Keep in mind that using drops is like pouring water into a dry well instead of looking
for a new spring — to find permanent relief you need to start digging.
Relief for dry eyes: the Women to Women approach
At Women to Women, we’ve helped many women recover and prevent dry eyes by
building up their core foundation of nutrition and restoring their hormonal balance.
Every body is unique so you may need to experiment to find a combination of changes
that work for you. My experience at the practice has led me to believe that supplemental
essential fatty acids, in addition to a highly nutritious diet, are helpful for
women of all ages with dry eyes. So let’s start here:
Optimize your nutrition. Eat three balanced meals a day, consisting of
whole foods (for more information, see our
Nutritional and Lifestyle Guidelines). Fill in any nutritional gaps with
a daily multivitamin. Choose a formulation like the one in our Personal Program
that has a good balance of essential fatty acids, including EPA and DHA, plus vitamin
E, which helps the omega-3’s do their work. Keep in mind that you need the
right balance of omega-3’s, 6’s and 9’s — not more of everything.
Be sure your
is free of lead, mercury, PCB’s and other contaminants.

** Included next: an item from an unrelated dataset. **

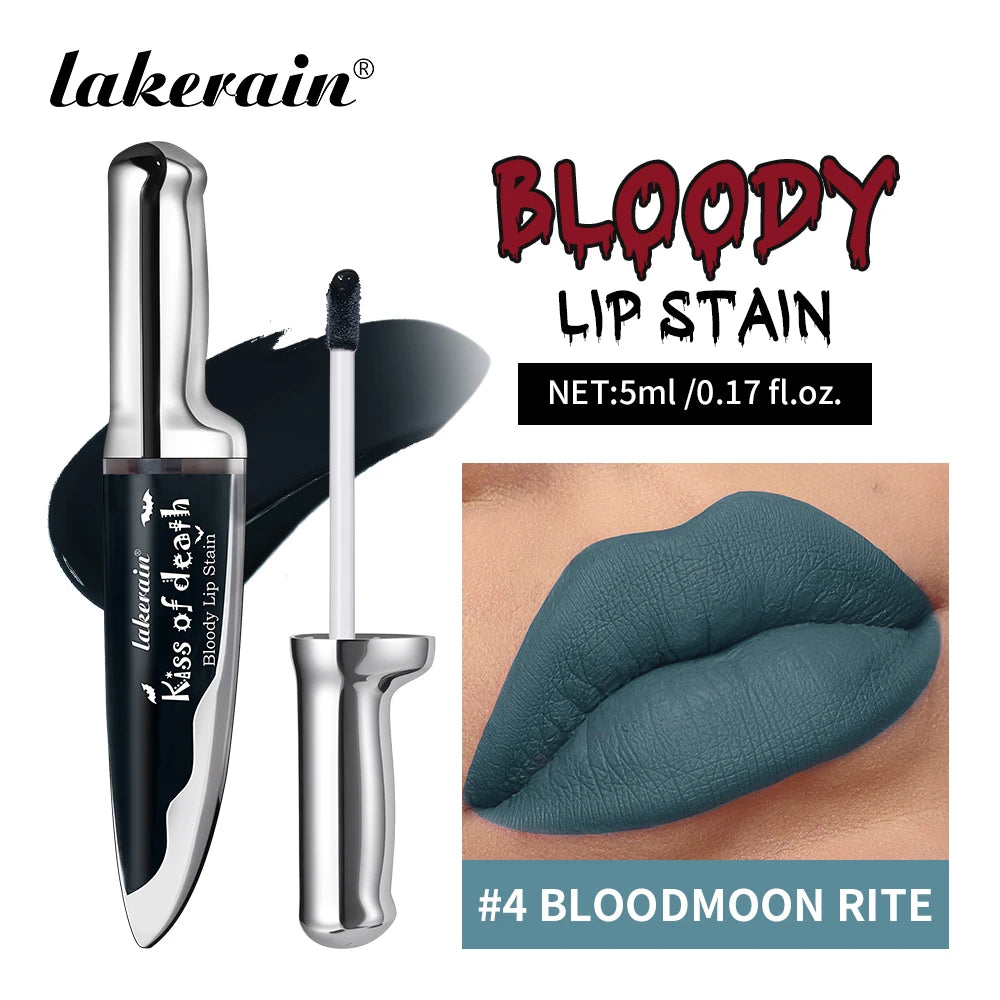 Waterproof Bloody Lip Stain for Halloween Makeup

Balance your hormones. Gentle endocrine support can help the body generate
its natural levels of estrogen, progesterone and testosterone. You may also notices
that some simple dietary changes, like eating more whole grains and less sugar and
processed foods can help control insulin levels and reduce chronic inflammation.
(Take a look at our anti-inflammatory
diet suggestions for ideas.)
Evaluate your medications. If you are on medication, speak with your doctor
about the possibility of it contributing to your dry eyes. There may be alternatives
that cause fewer side effects.
Avoid excessive pollution and other irritants. Here’s another great
reason to quit smoking: smoke aggravates dry eyes. Also, try to avoid rubbing your
eyes since it can disturb tear film, remove moisture, and introduce bacteria or
irritants into the eye. Try to buy hypoallergenic make-up as well.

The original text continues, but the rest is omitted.